» **What is required**: Begin with the line that holds "kocioł dwufunkcyjny termet termaster" and repeat each line after it exactly, ending with the last line of the listing.

» **Available data**:
BEGIN

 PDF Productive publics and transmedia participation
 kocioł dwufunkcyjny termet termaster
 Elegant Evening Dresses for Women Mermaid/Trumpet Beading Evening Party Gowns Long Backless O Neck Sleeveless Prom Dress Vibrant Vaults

END

» **Result of the exercise**:
 kocioł dwufunkcyjny termet termaster
 Elegant Evening Dresses for Women Mermaid/Trumpet Beading Evening Party Gowns Long Backless O Neck Sleeveless Prom Dress Vibrant Vaults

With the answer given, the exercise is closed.